Erin Gabriel says: “The project aims to develop statistical methods to improve personalized treatment decision-making while considering patient burden and accounting for the shortcomings of the data being used.

As medical data and treatment options grow, a vital question becomes how to use the information available to make the best treatment decision. Methods exist to help select the best treatment for each patient based on patient and disease characteristics. However, these methods often do not consider the patient’s burden for collecting those characteristics, nor do they account for the potential shortcomings of the data used in the selection. Both issues can lead to the selection of sub-optimal treatments and potential harm to patients. To avoid this, selected decisions should be tested in clinical trials, and the patient burden should always be considered. Randomized clinical trials can be costly, untimely, or simply impossible. The use of validated surrogate endpoints can make randomized clinical trials feasible, but in the setting of personalized treatment, improved statistical evaluation methods are needed. Regardless of the data collection type, there is also a need for statistical tools that account for patient burden in treatment selection. Finally, when observational data must be used, improved methods are needed for treatment selection that account for biases that may occur due to the lack of randomization”.

Erin Gabriel joined the Biostatistics Section of University of Copenhagen, Department of Public Health as an Associate Professor in 2022.

Stefan Stender

Stefan Stender says: “This project aims to identify genetic factors that influence progression of five common diseases: type 2 diabetes, ischemic heart disease, chronic kidney disease, fatty liver disease, and chronic obstructive pulmonary disease. We hypothesize that there are distinct ‘onset-promoting’ and ‘progression-promoting’ genetic factors for any given disease. To test this, we will scan the genomes of 600,000 persons from the British and Danish population for genetic variants that affect disease progression. The genetic variants identified in the project have the potential to yield new insights into the factors that drive human disease. Such insights may ultimately inspire the development of new drugs targeting the causal pathways, aiming to forestall or even reverse disease progression.”

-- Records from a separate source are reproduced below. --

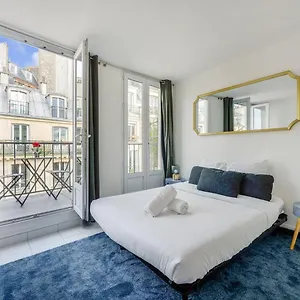 Moulin Rouge Balcony Apartmán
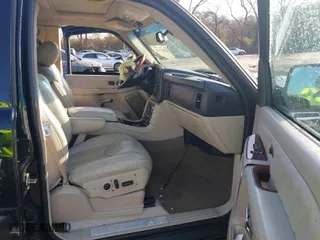 2004 Cadillac Escalade ESV with VIN 3GYFK66N84G329132, listed as a IAAI auction lot 41500501 with 246,455 mi miles. Bid and sale history available at carsss.com. Image 5.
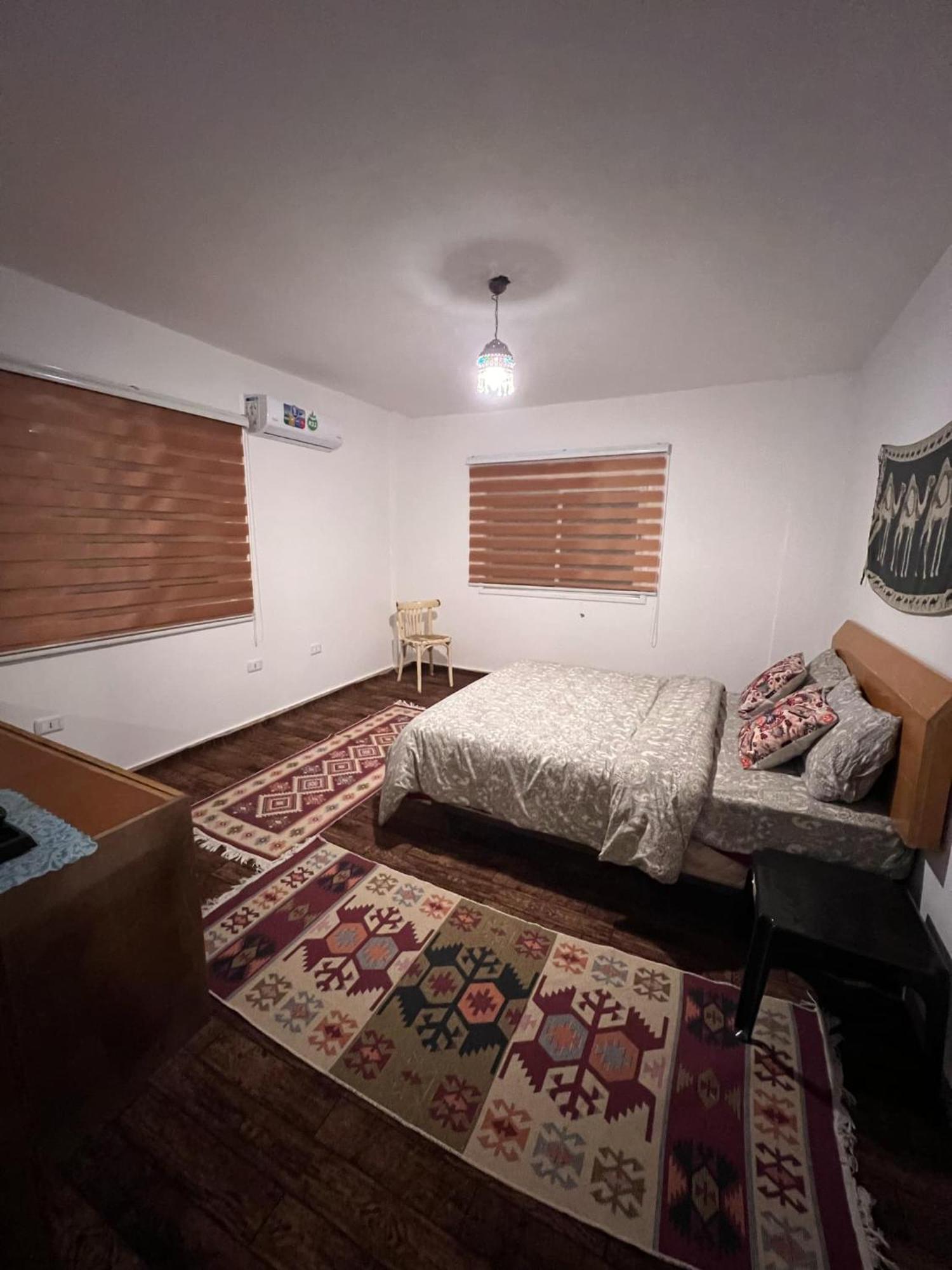Bed and Breakfast Happy Bedouin House Petra Al Hayy Esterno foto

Stefan Stender has been a staff specialist at the Department of Clinical Biochemistry, Rigshospitalet, since 2021.

Jakob Christensen

Jakob Christensen says: “Epilepsy is a common brain disease that can affect children, young people and the elderly. The disease has a great impact on the people affected by it and their families, and epilepsy is associated with a high morbidity and a high mortality rate. This study will try to find the causes of epilepsy in different age groups – and look at how environmental and genetic causes play together. The study uses data from Danish registers and Danish biobanks and is expected to be able to provide completely unique results that can only be produced using Danish data and the results are expected to receive great international attention.”

Jakob Christensen is Consultant in Neurology at the Department of Neurology, Aarhus University Hospital, and associate professor at Department of Neurology, Aarhus University.